Here, the Court finds that Wallace sufficiently alleged the existence of a contract. She alleges that the parties entered into the Loan Modification Agreement on or about April 30, 2010. See FAC ¶ 14. Her allegations include the unpaid principal balance ($168,907.33), the interest rate (3.25%), the monthly payment amount ($1,374.33), and the dates of the agreement (May 1, 2010 until May 1, 2017). Id. Wallace further alleges that her rate remained fixed at 3.25% after May 2017 and that she continued to tender timely payment of her mortgage under these terms until the present time. Id. ¶¶ 14, 22. The Court must accept all of Wallace's factual allegations as true at this stage in the proceedings, Ashcroft v. Iqbal, 556 U.S. 662, 678 (2009), and thus the Court must accept that these terms continued after May 1, 2017. Accordingly, the Court finds that Wallace sufficiently provided the terms of the contract for the purposes of this motion. See, e.g., Miles v. Deutsche Bank Nat'l Tr. Co., 186 Cal. Rptr. 3d 625, 631 (Ct. App. 2015) ("Accordingly, plaintiff's failure either to attach or to set out verbatim the terms of the contract was not fatal to his breach of contract cause of action.")

The Court is similarly unpersuaded by Defendants' arguments that Wallace insufficiently pled facts illustrative of the required elements for breach of contract. California courts have found similar allegations are enough to survive a motion to dismiss. See, e.g., Miles, 186 Cal. Rptr. 3d at 631 (alleging a contract, performance under that agreement, a bank's refusal to accept payments under the agreement, and foreclosure from home were sufficient for breach of contract claim).

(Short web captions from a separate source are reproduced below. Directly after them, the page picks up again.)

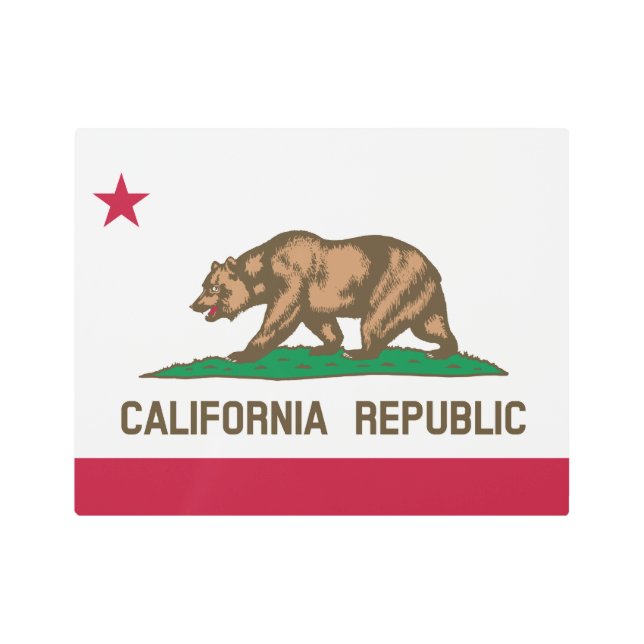 California Cali Republic Bear Flag, US States Meta メタルプリント (正面)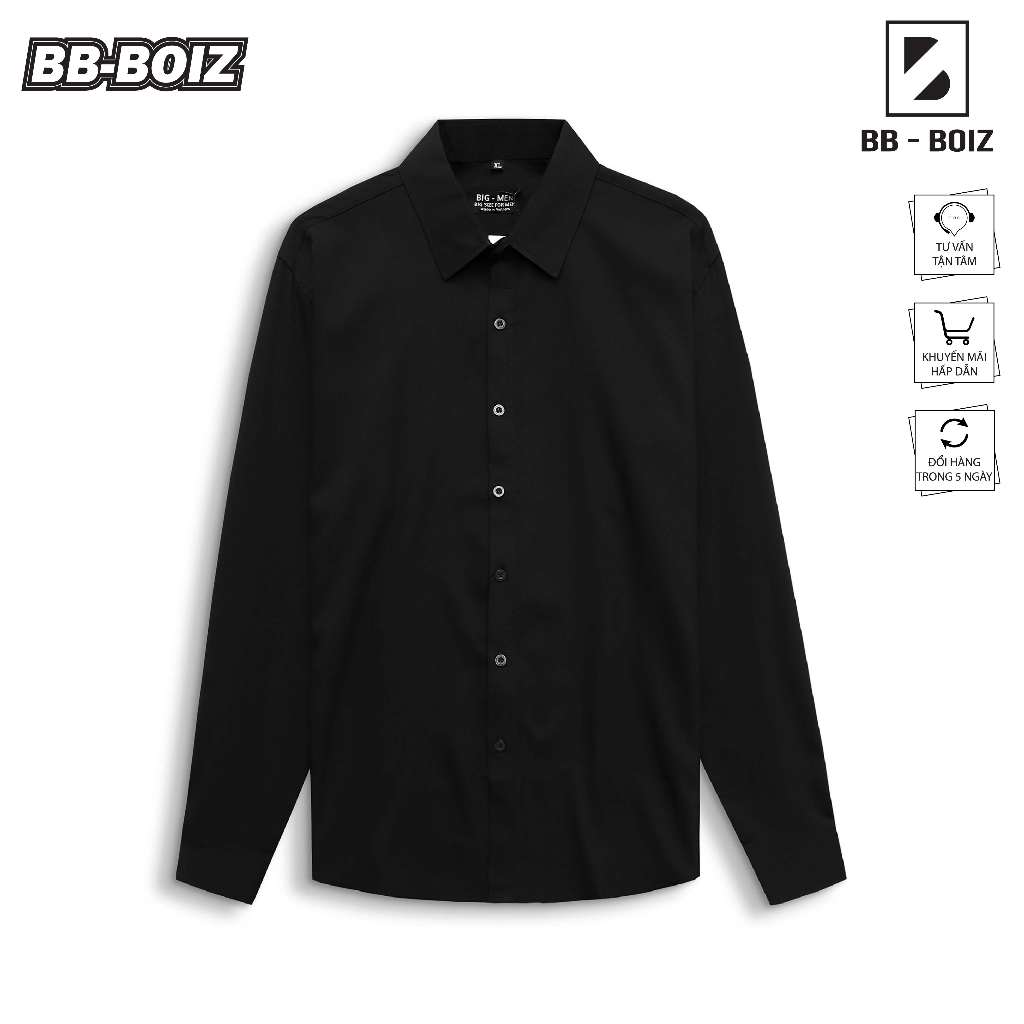 - Áo Sơ Mi Nam Tay Dài Chất Lụa Màu Trắng - Đen From 70kg - 140kg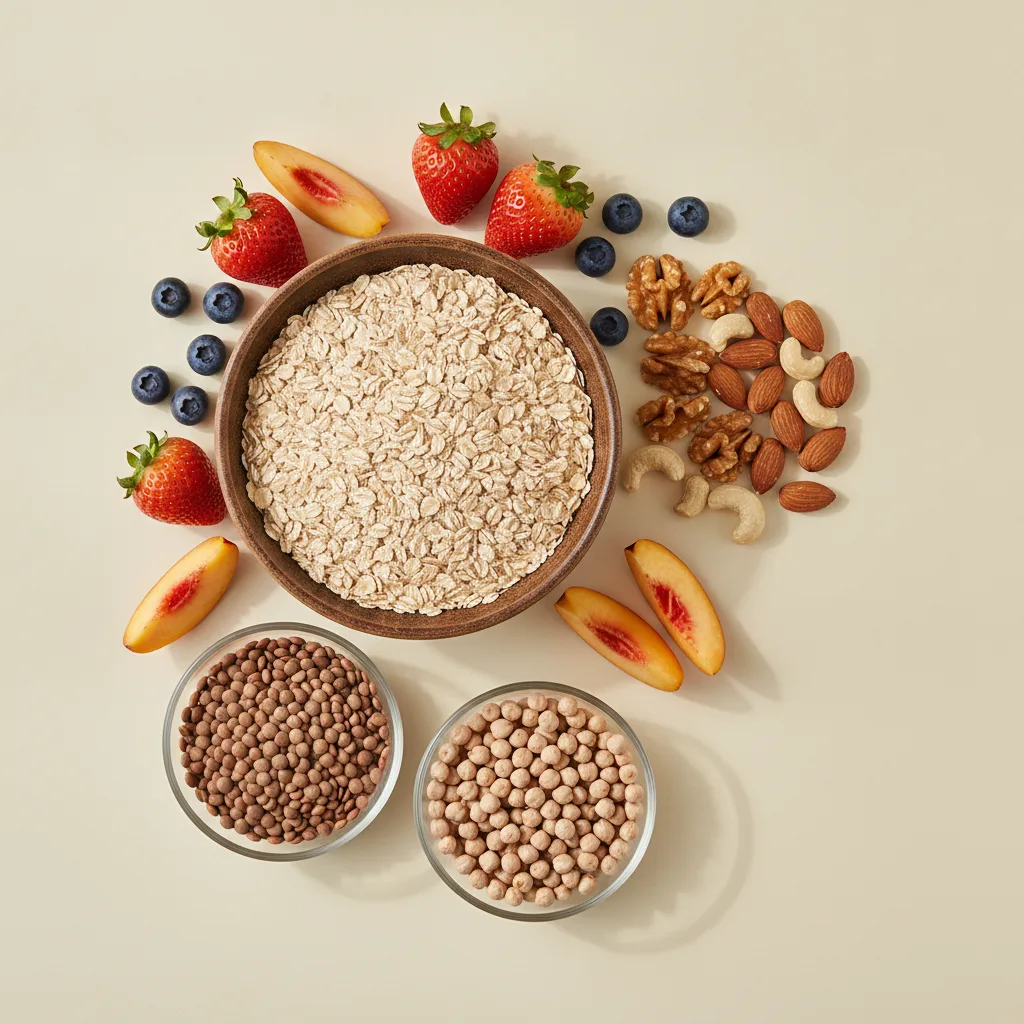 Alternatives simples aux produits ultra-transformés : flocons d'avoine, noix, légumineuses et fruits frais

While Wallace's grouping of Defendants under a single label falls short of the desired level of diligence and specificity, it does not leave Defendants with no means to determine which individual defendants are responsible for each wrongful act. Defendants provided documents that specify the dates upon which interest in deed of trust changed hands between individual defendants and provide the identities of the defendants that filed the Notice of Default and Notice of Trustee's Sale. Wallace has given Defendants fair notice of her breach of contract claim and the grounds upon which it rests. Swierkiewicz v. Sorema N. A., 534 U.S. 506, 512 (2002).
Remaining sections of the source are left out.